Desde hace tiempo tengo la manía -como aquello de las certezas- de desconfiar de los que solo usan ropa con manga larga. Acaso porque me da por pensar que disimulan cortes, heridas hechas a conciencia y con voluntad en una habitación en la que nadie los ve. Cuántos de nosotros usamos manga larga, aun vistiendo camiseta de tirantes.  
Vienen a mi mente estas cosas por un motivo. Desde hace al menos un mes leo y releo un libro llamado Por qué escribo (Xordica), de Félix Romeo. El texto que da nombre al libro es uno de los más hermosos que he leído jamás. Si yo tuviera el valor que ese texto me infunde, estoy segura de que habría cogido un avión en la T4, me habría alistado en una guerra o me habría hecho apresar después de echarle jabón a la Cibeles. Es algo, una euforia limpia y bonita, de esas que sólo producen el enamoramiento y el entendimiento –en ambas cosas hay una rara luz-. El texto de Romeo es la cara B del látigo de Capote.
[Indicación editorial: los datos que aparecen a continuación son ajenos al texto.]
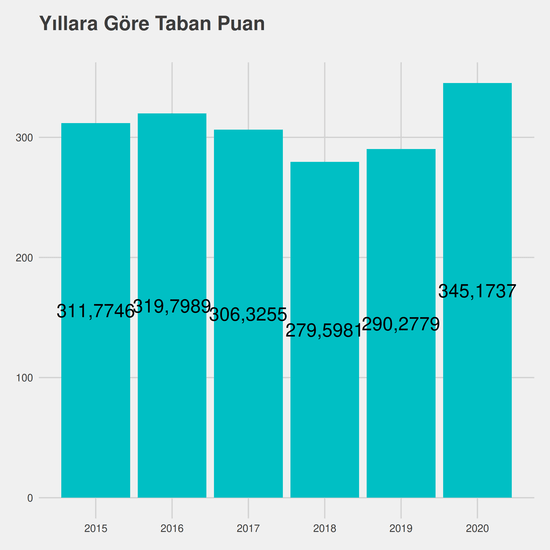 Endüstri Mühendisliği - İngilizce - %50 İndirimli yıllara göre taban puanlar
Si a mis 16 o 17 hubiese leído ese texto de Romeo, a lo mejor hoy sería más valiente, mejor lectora; de haberlo conseguido, quizá habría ocurrido el milagro; quizá el anuncio de neón -¿serás capaz? ¿no serás capaz?- se habría apagado definitivamente y el sargento alemán no pasaría revista en mi cabeza. Pero era imposible. Ni yo conocía al aragonés ni él había escrito esas páginas todavía.  Y así como la Emma Bovary de Guerriero me paralizó –acaso porque un poquito de arsénico en las comisuras me delata a mí también como una insatisfecha comedora de veneno-, las razones de Romeo me dan ganas de eso: de vivir, de entender, de apagar el interruptor. Yo sólo espero que alguien de 16 lo consiga a él antes que a Capote.